- What to do -
Each line below must be set down exactly; omit any image you find.

- Material for this task -
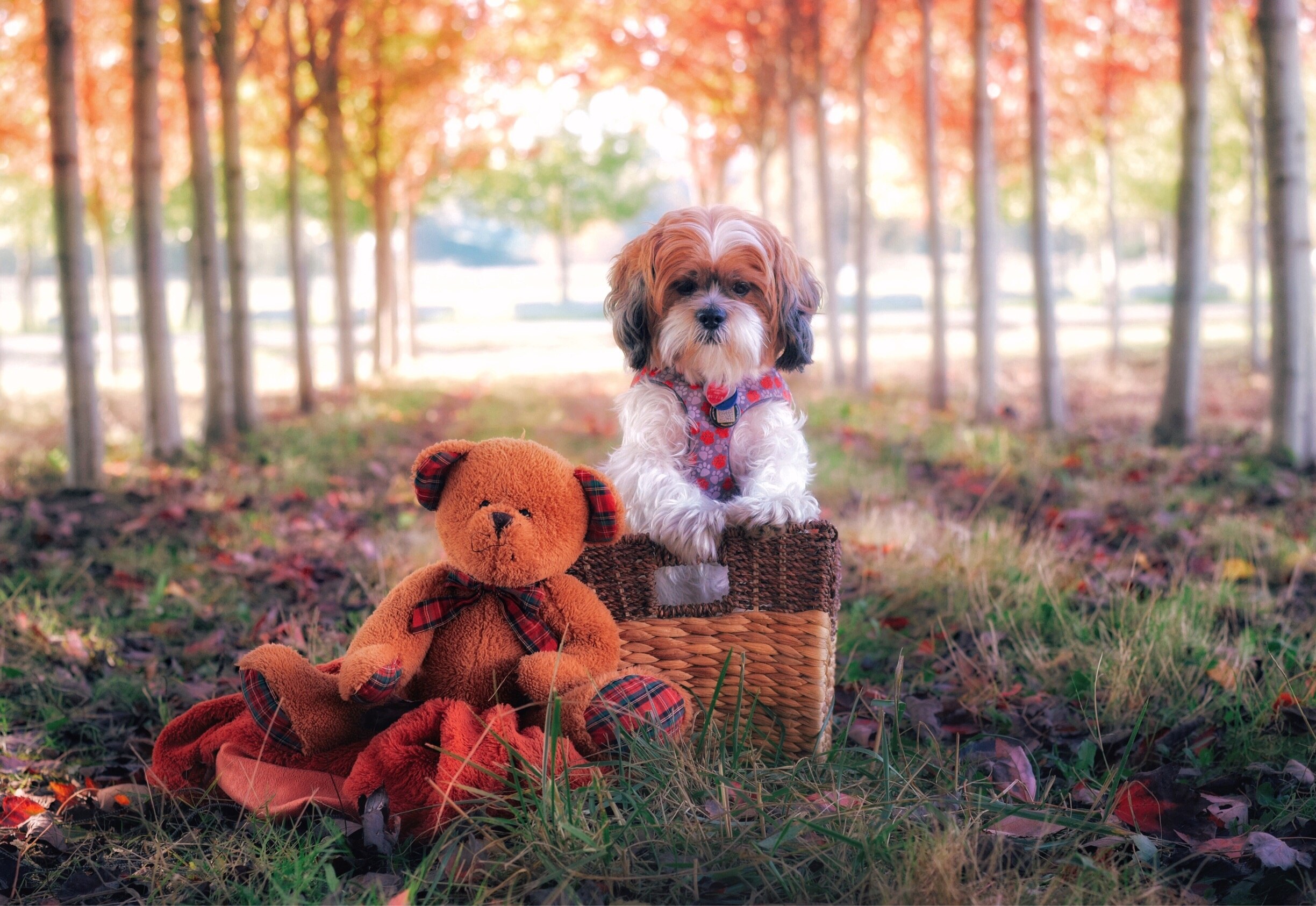 ニューカッスル観光ガイド 定番人気スポットを参考に自分にピッタリの観光プランを立てよう エクスペディア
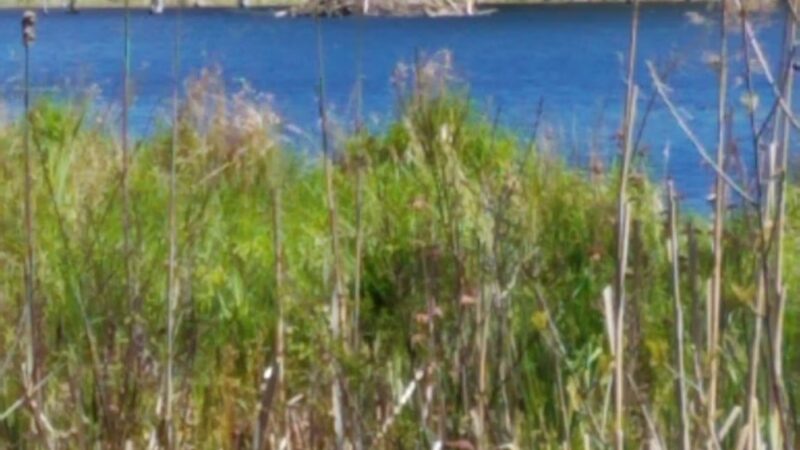 Stark Pond Wildlife Management Area - Dunbarton, NH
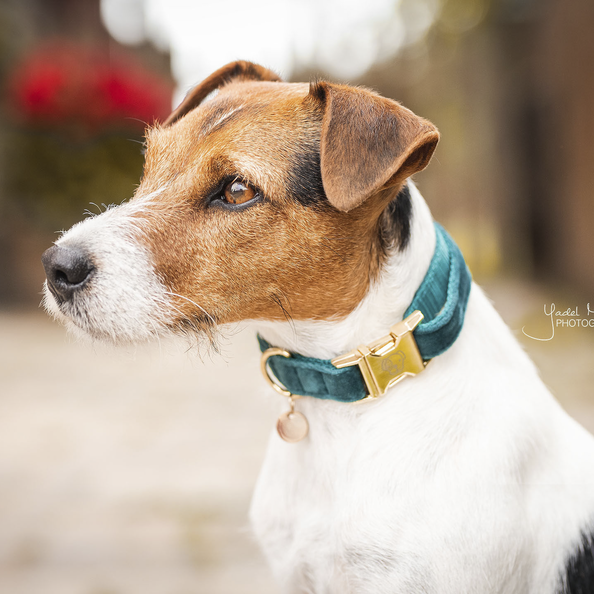Velvet dog collar - Kentucky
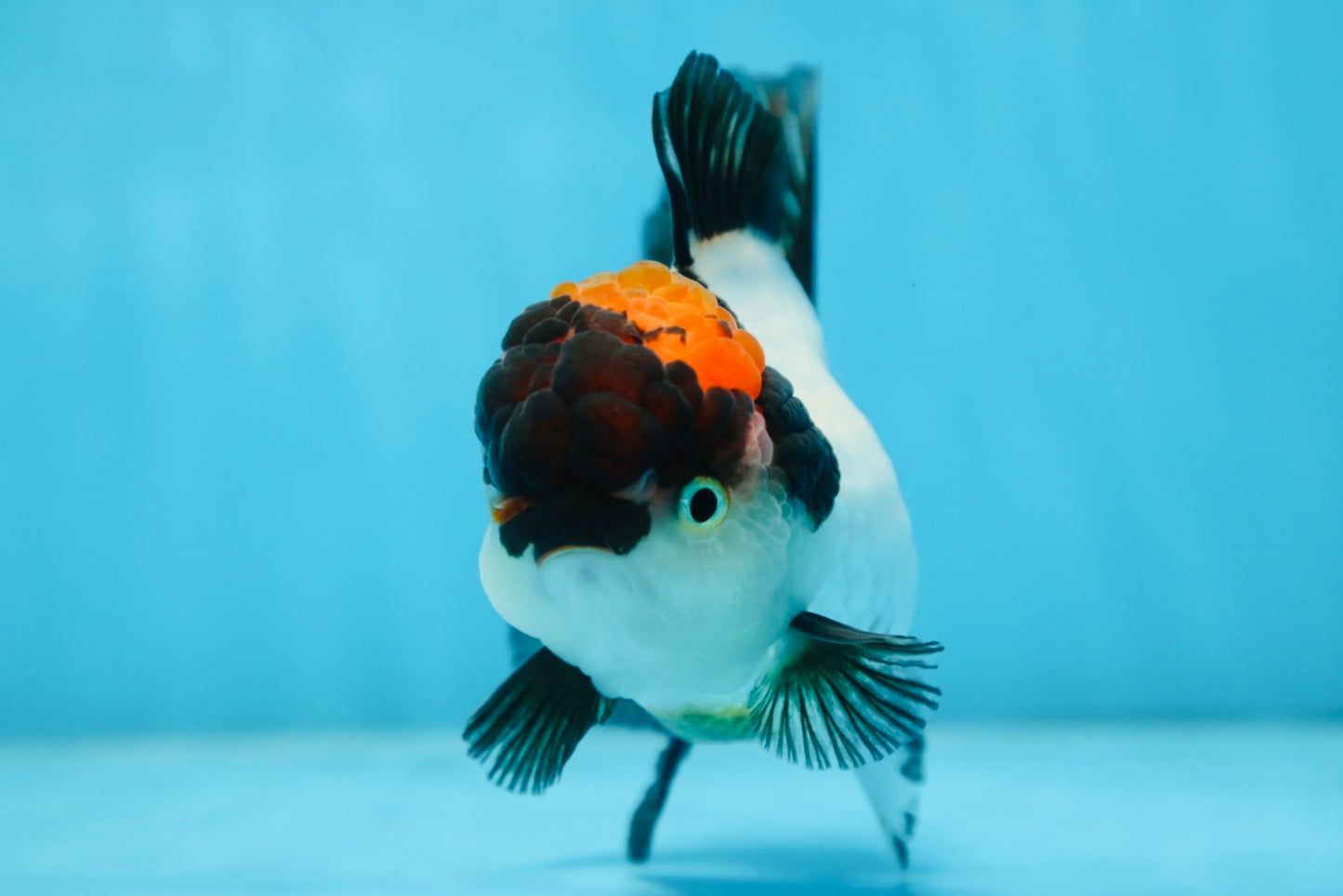 Tricolor Oranda Female 5 inches #090525OR_18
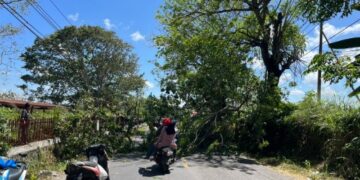 Angin Kencang, Dua Pohon di Parepare Tumbang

- Exercise response -
 ニューカッスル観光ガイド 定番人気スポットを参考に自分にピッタリの観光プランを立てよう エクスペディア
 Stark Pond Wildlife Management Area - Dunbarton, NH
Velvet dog collar - Kentucky
 Tricolor Oranda Female 5 inches #090525OR_18
 Angin Kencang, Dua Pohon di Parepare Tumbang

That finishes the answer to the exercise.